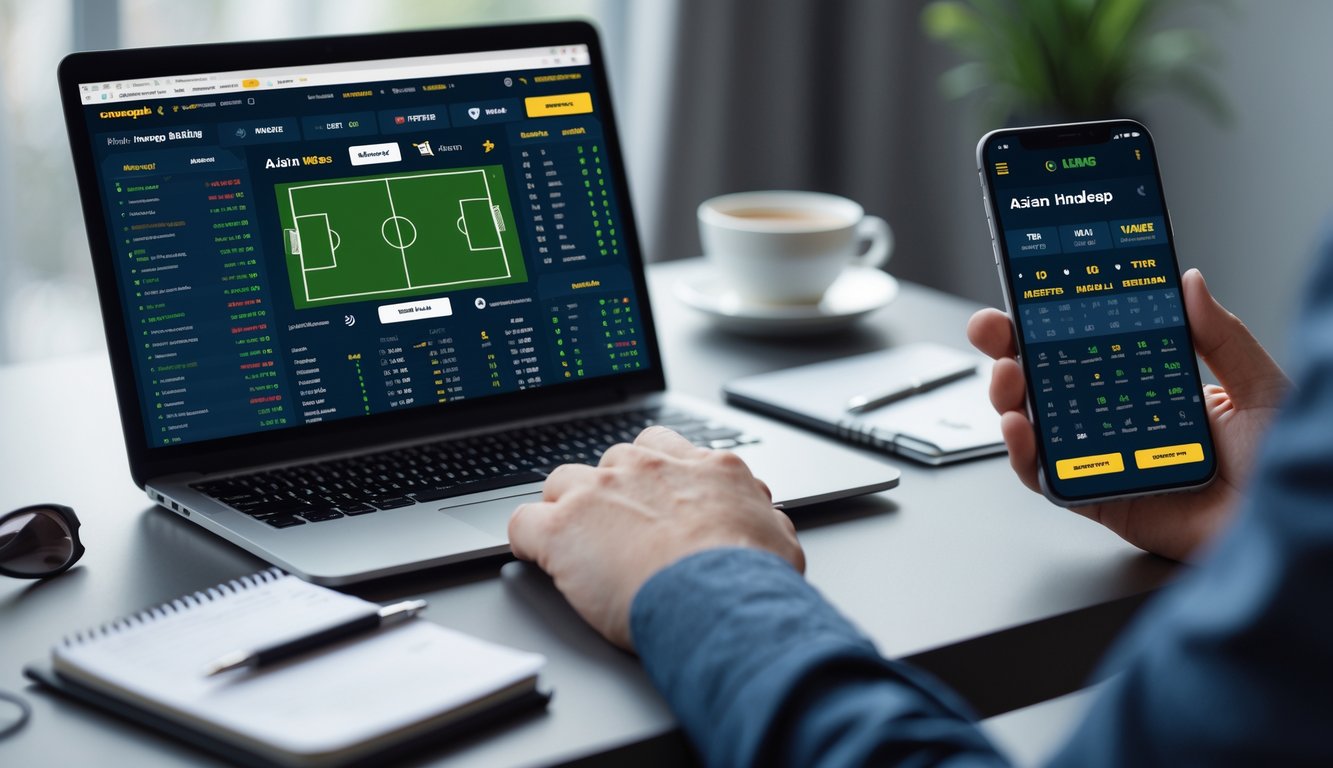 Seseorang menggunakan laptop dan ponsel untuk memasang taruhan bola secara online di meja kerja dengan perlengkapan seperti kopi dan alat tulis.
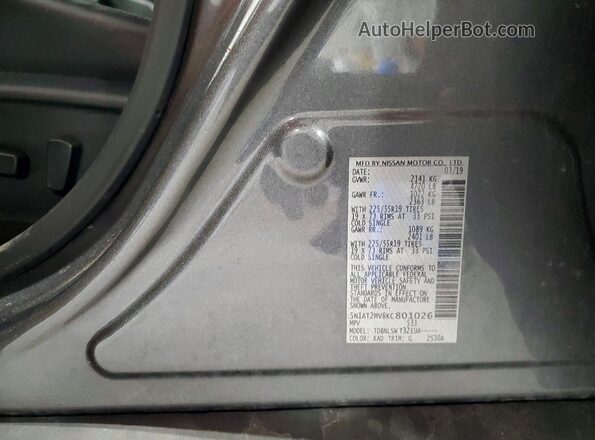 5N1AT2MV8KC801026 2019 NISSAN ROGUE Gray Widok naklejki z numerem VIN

---

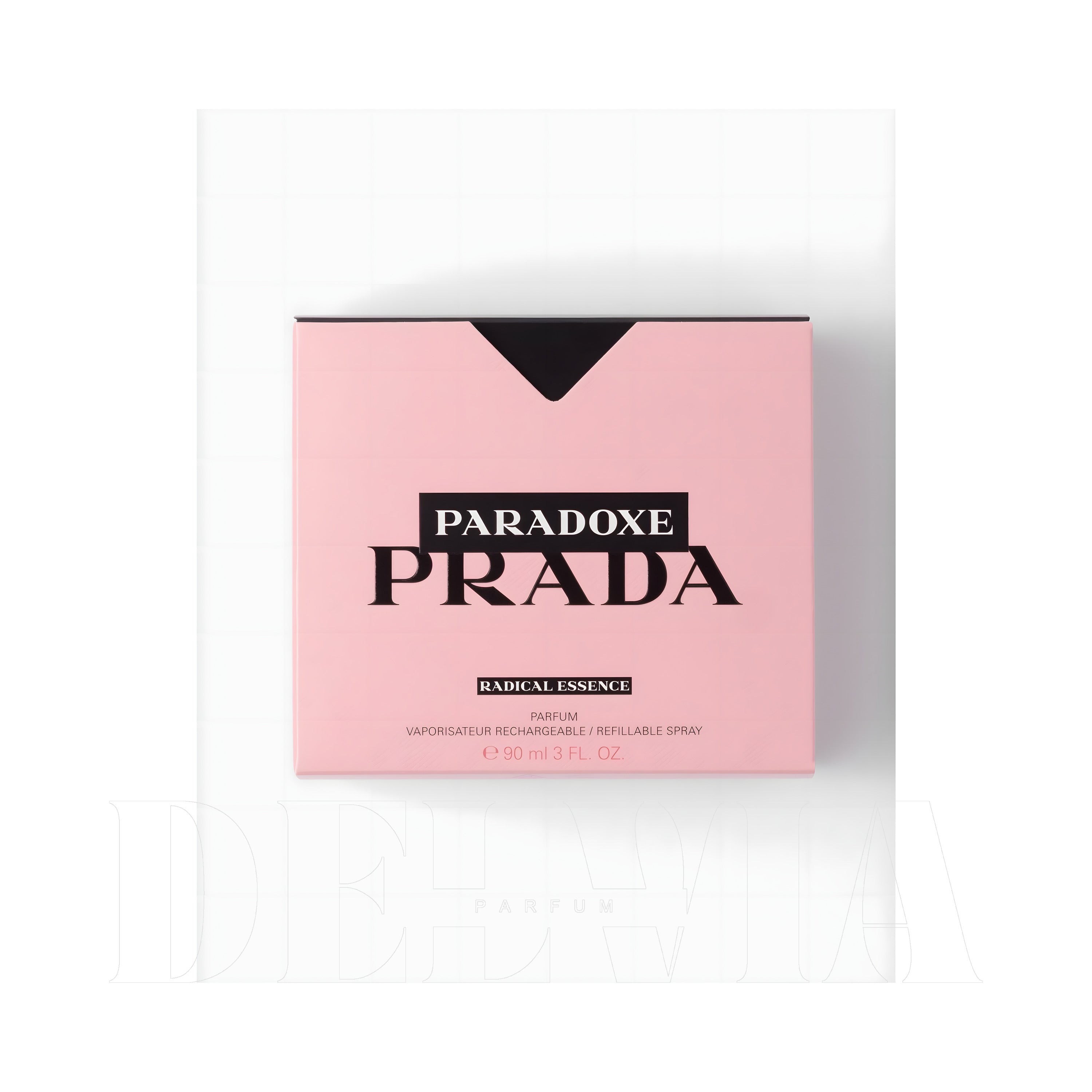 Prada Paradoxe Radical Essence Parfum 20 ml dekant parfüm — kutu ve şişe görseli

◆ **What you need to do**:
Using the data above, give again exactly the lines starting at the one holding "Seseorang menggunakan laptop" and ending at the one holding "5N1AT2MV8KC801026 2019 NISSAN", inclusive, and nothing more. Omit the pictures.

◆ **Exercise solution**:
 Seseorang menggunakan laptop dan ponsel untuk memasang taruhan bola secara online di meja kerja dengan perlengkapan seperti kopi dan alat tulis.
 5N1AT2MV8KC801026 2019 NISSAN ROGUE Gray Widok naklejki z numerem VIN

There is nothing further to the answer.